=== Records provided ===
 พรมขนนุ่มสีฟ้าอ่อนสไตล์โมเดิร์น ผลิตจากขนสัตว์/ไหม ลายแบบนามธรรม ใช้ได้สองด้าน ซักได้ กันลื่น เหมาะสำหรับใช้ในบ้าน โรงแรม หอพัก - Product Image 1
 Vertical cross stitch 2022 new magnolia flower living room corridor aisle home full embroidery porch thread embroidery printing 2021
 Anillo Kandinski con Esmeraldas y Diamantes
==
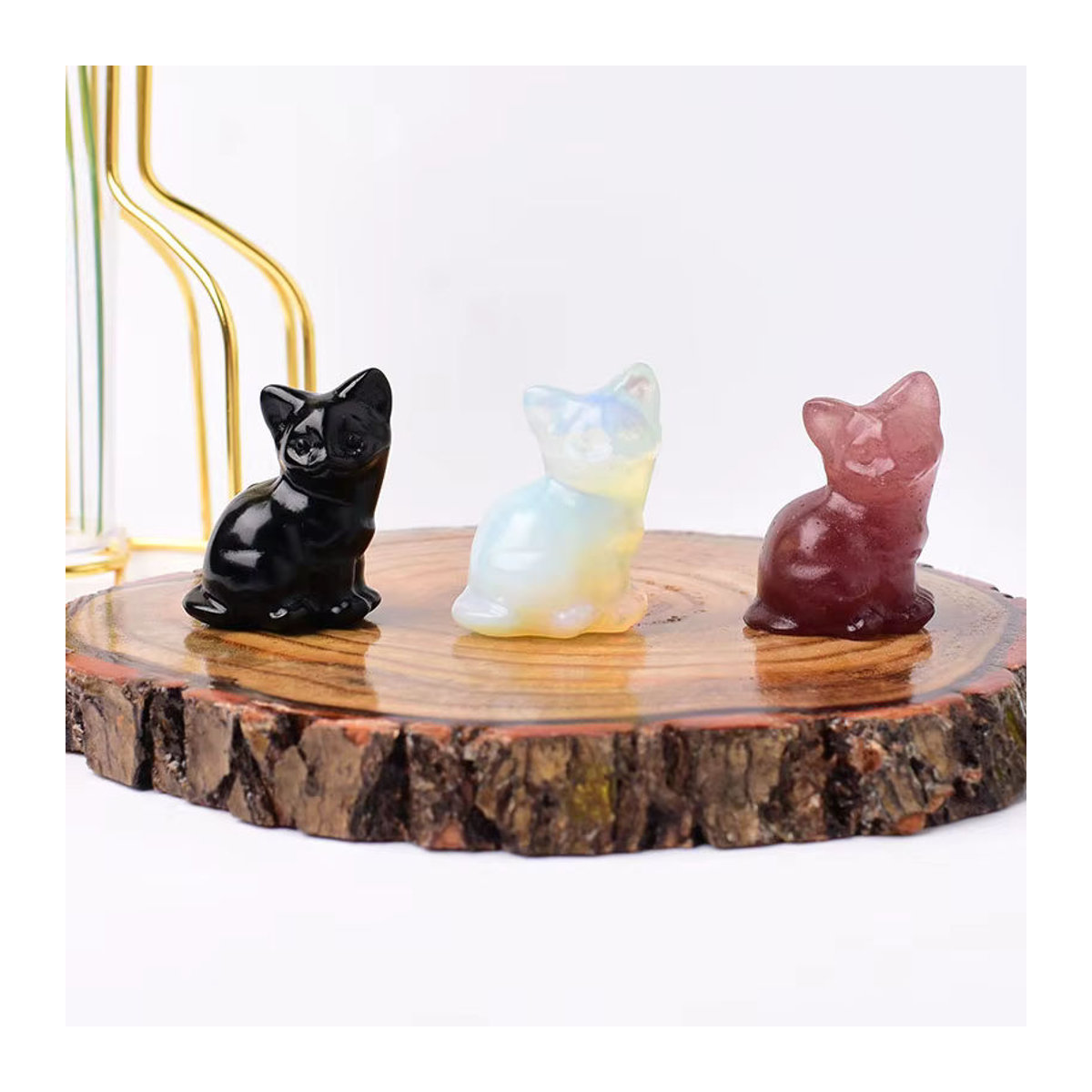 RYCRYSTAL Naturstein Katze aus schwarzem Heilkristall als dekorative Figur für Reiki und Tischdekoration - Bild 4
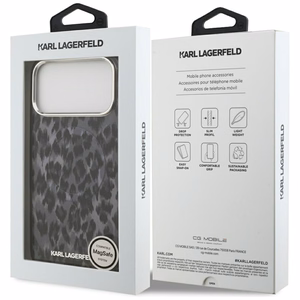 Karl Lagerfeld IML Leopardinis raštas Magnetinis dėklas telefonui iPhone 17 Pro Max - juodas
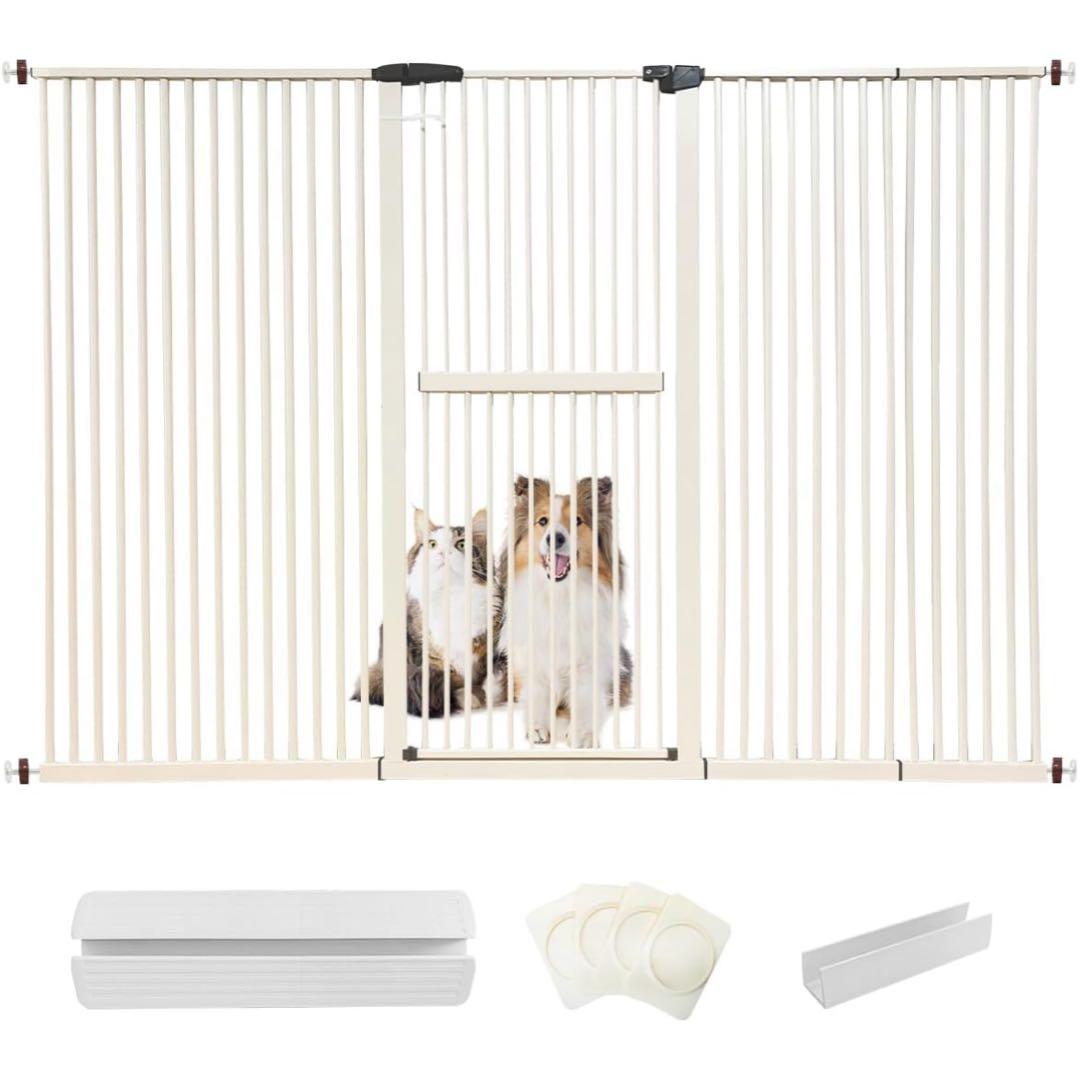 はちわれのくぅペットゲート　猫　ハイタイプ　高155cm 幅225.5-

=== What is being asked ===
Within the material above, copy exactly the lines from the line that holds "พรมขนนุ่มสีฟ้าอ่อนสไตล์โมเดิร์น ผลิตจากขนสัตว์/ไหม ลายแบบนามธรรม" up to and including the line that holds "Vertical cross stitch".

=== Result of this exercise ===
 พรมขนนุ่มสีฟ้าอ่อนสไตล์โมเดิร์น ผลิตจากขนสัตว์/ไหม ลายแบบนามธรรม ใช้ได้สองด้าน ซักได้ กันลื่น เหมาะสำหรับใช้ในบ้าน โรงแรม หอพัก - Product Image 1
 Vertical cross stitch 2022 new magnolia flower living room corridor aisle home full embroidery porch thread embroidery printing 2021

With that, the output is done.